EN ÇOK İLGİMİ ÇEKEN NOKTA...
* Bu filmde en çok ilgimi çeken nokta, NBC filminde ilk kez şaşırtıcı bir Brechtyen yabancılaştırma sahnesiyle karşılaşmak oldu. Samet, Nuray’ın (Merve Dizdar) evinde salondan banyoya yürürken bir anda set arkasına adım atıyor. Deniz Celiloğlu kameramanlar, çalışanlar, ışıklar, dekorlar arasından oyununu hiç bozmadan geçip banyoya giriyor. Üstelik şarap masasında 20 dakika süren, bizim de oturup sohbete katılmak istediğimiz sürükleyici bireyci-toplumcu tartışmasından sonra Samet’in pat diye set dışına çıkması seyirciyi ters köşeye yatıran bir teknik…
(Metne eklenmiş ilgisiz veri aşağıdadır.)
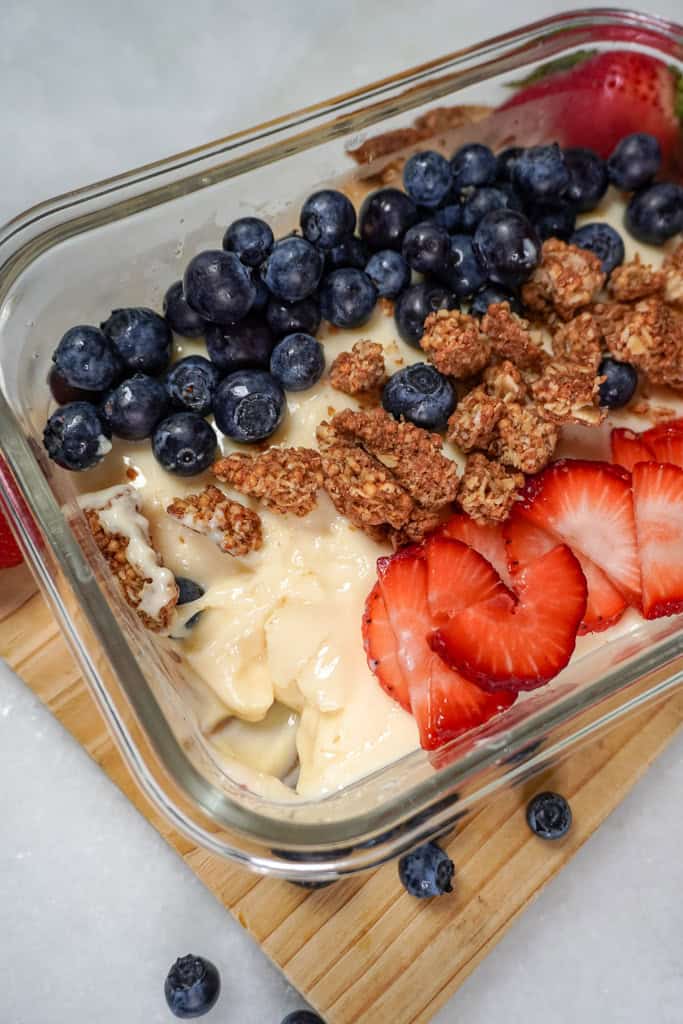 a casserole dish of protein pudding with a spoonful missing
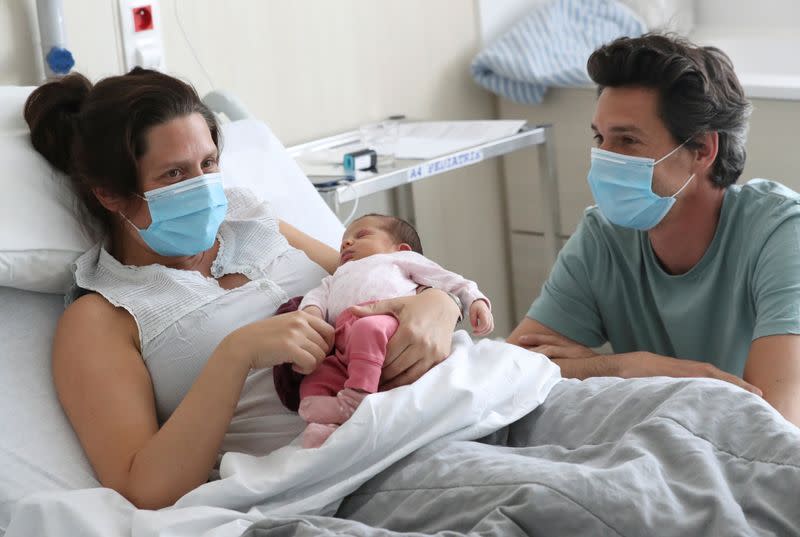 Amandine, who tested positive for the coronavirus disease (COVID-19) just before giving birth, and Francois, wearing protective face masks, are pictured with their newborn daughter Mahaut at the maternity at CHIREC Delta Hospital in Brussels
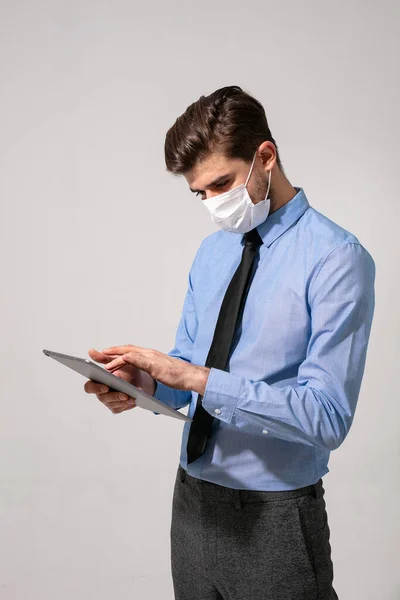 elegant business man or medical stuff, working on a tablet with face mask for contagious virus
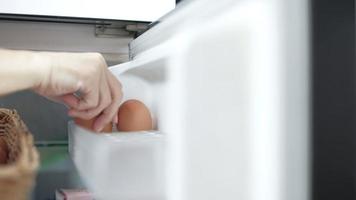 Female chefs hand place raw dairy organic chicken eggs from market in a chilled compartment of the refrigerator to keep fresh before cook as a breakfast meal, healthy protein foods but high calorie.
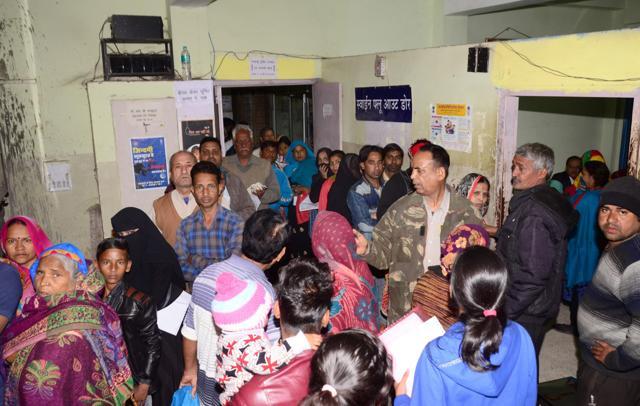 Patients wait for their turn at Kanwatia Hospital on Saturday. (Prabhakar Sharma/HT Photo)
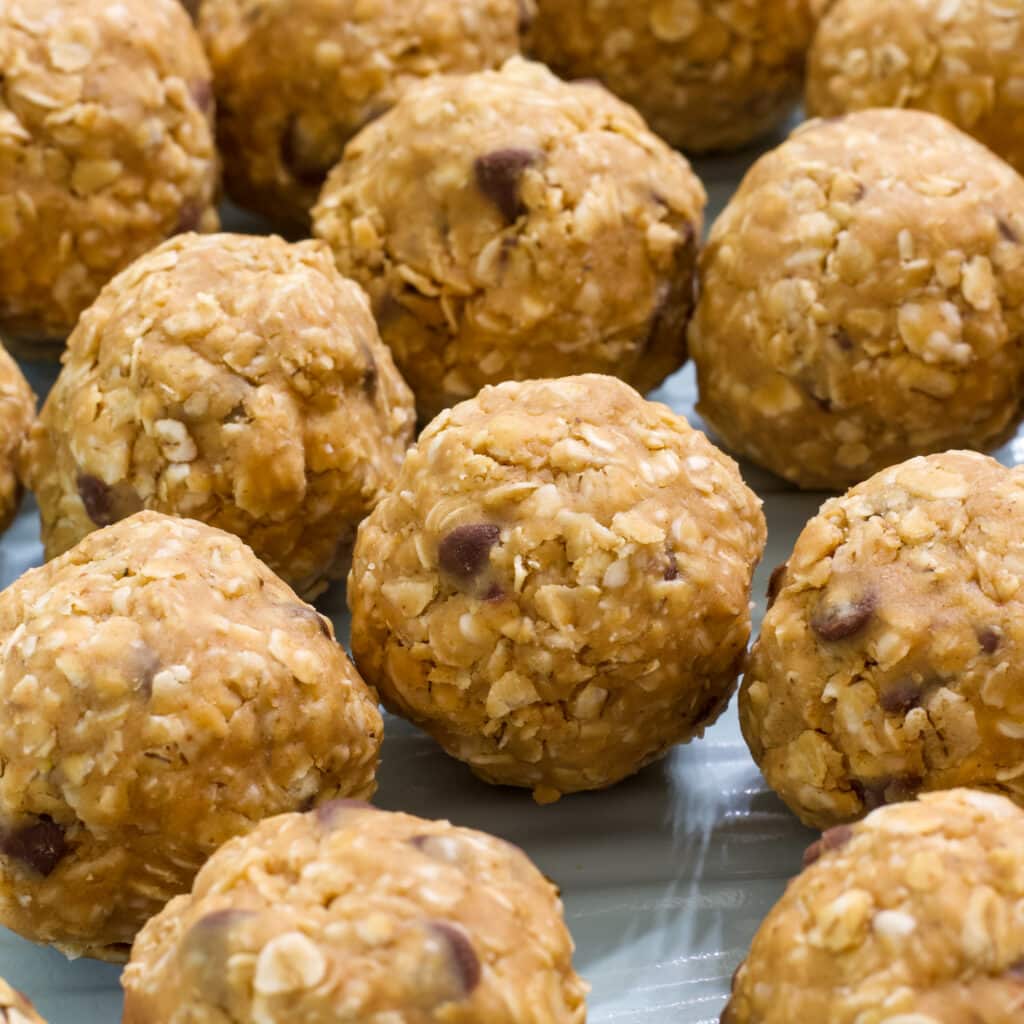 Many 4 Ingredient Protein Rich Peanut Butter Energy Balls on a turquoise sheet pan.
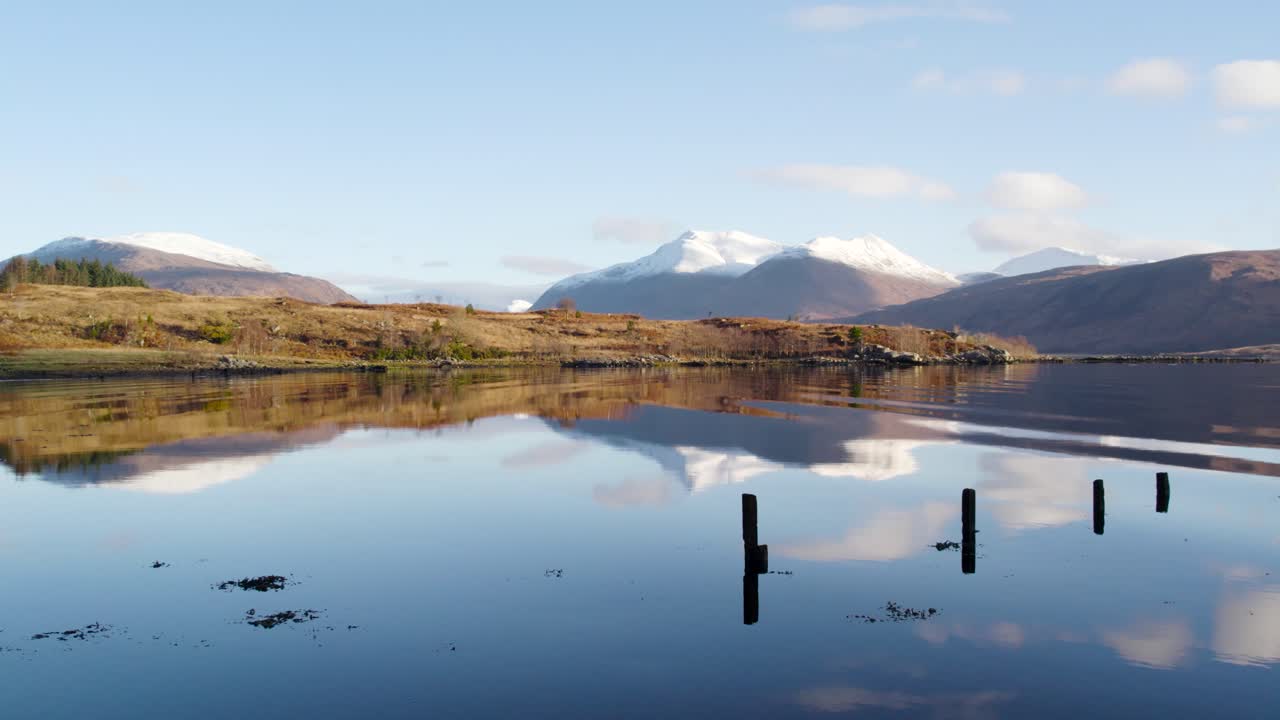 imágenes aéreas de drones que vuelan cerca sobre suaves ondas en el agua de loch etive en glen etive en las tierras altas de escocia con montañas cubiertas de nieve en el fondo y hermosas aguas reflectantes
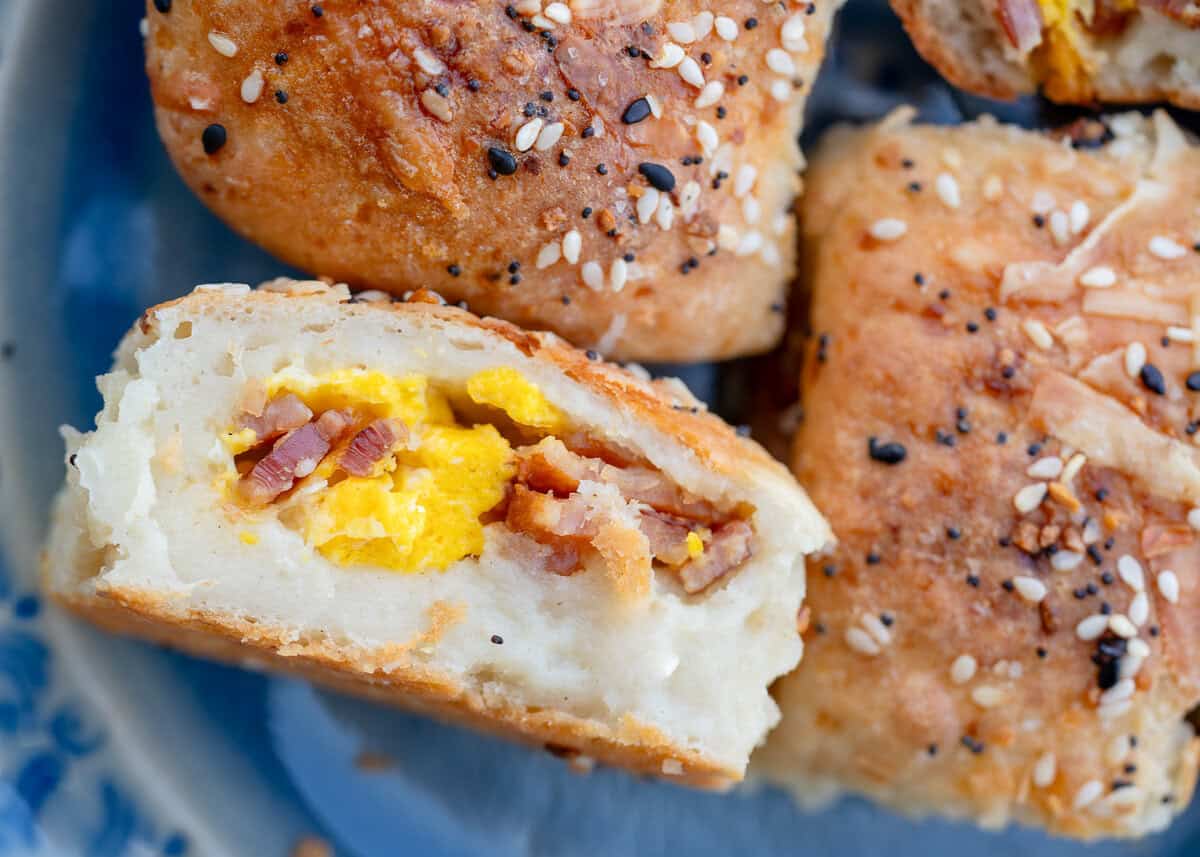 closeup showing the fluffy high protein hot pockets full of breakfast eggs, bacon, and cheese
* Film boyunca asla yolları kesişmeyen öğretmen Nuray ve Samet’e hayran orta son öğrencisi Sevim’le (Ece Bağcı) ilişkisi üzerinden Samet’in taşradaki sıkışmış hayatını anlatıyor film. Birbirinden böyle bağımsız koridorlarda yürüyen hikaye Samet’in Nuray’la bir gecelik ilişki yaşayacak olması, Sevim’in taciz suçlamasıyla farklı karakter üzerinden aynı agorada buluşuyor.
* Nuri Bilge Ceylan’ın en büyük başarısı diyaloglarda ve oyunculuk yönetiminde saklı. İkili-üçlü sahnelerde batan, sırıtan, abartılı duran tek bir diyalog var. Keza oyunculuklar da öyle. Şu dizilerdeki bağırıp, çağıran, atarlanan abartılı, karikatür oyunculukları gördükçe Nuri Bilge filmlerindeki oyunculukların kıymeti çok daha fazla ortaya çıkıyor.
EN ZORU BUNU YAPMAK
* Cannes’da en iyi kadın oyuncu ödülünü alan Merve Dizdar, Ankara Garı patlamasında ayağını kaybeden Nuray öğretmen rolünde çok iyi… Ne bir fazla, ne bir eksik, olması gerektiği kadar, dozunda oynamış. Ama en zoru da bunu yapmak zaten…
*Ondan iyisi de var; Deniz Celiloğlu… Cannes’dan ödülle neden dönmediğini sormadan geçemiyor insan.
* Belli ki gençliğinde dağa da çıkmış sonra ununu eleğini asmış Vahit rolünde Yüksel Aksu’yu tanımadım önce. Rol mü tam Yüksel’in kalemi, Nuri Bilge’nin role tam adamını mı seçmesi bilemiyorum ama bu buluşmalar filmi büyük yapıyor zaten. Uzun zamandır görmüyorum sevgili Yüksel’i inşallah film için kilo almıştır… Dondurmam Gaymak, İftarlık Gazoz’la senaryo-yönetmen olarak başarılıydı, şimdi bir de veteriner Vahit’i çıkardı karşımıza Yüksel Aksu, tebrikler…
* Öğretmenine hayran Sevim rolünde Ece Bağcı, Samet öğretmenin ev arkadaşı Musab Ekici hepsi çok iyiler…
Geçen pazar 80 yaşındaki usta yönetmen Martin Scorsese, Sunday Times’a verdiği röportajda (son filmi Killers of The Flower Moon tüm dünyayla aynı anda bizde de bugün vizyona girdi) şunu söylüyordu;
"Gişe rekortmeni olmayan filmlere yer açmamız gerekiyor, yoksa seyirciler sinemanın sadece tek yönlü olduğunu düşünecek ve birlikte büyüdüğümüz daha incelikli filmlere yer kalmayacak. Eksik olan şey zenginlik ve derinlik” diyor.
İşte Scorsese’nin söylediği her şey var Nuri Bilge Ceylan’ın son filmi "Kuru Otlar Üstüne"de;
İncelik…
Zenginlik…
Derinlik…
Hala vizyondayken bu güzelliği sinemada izleyin derim.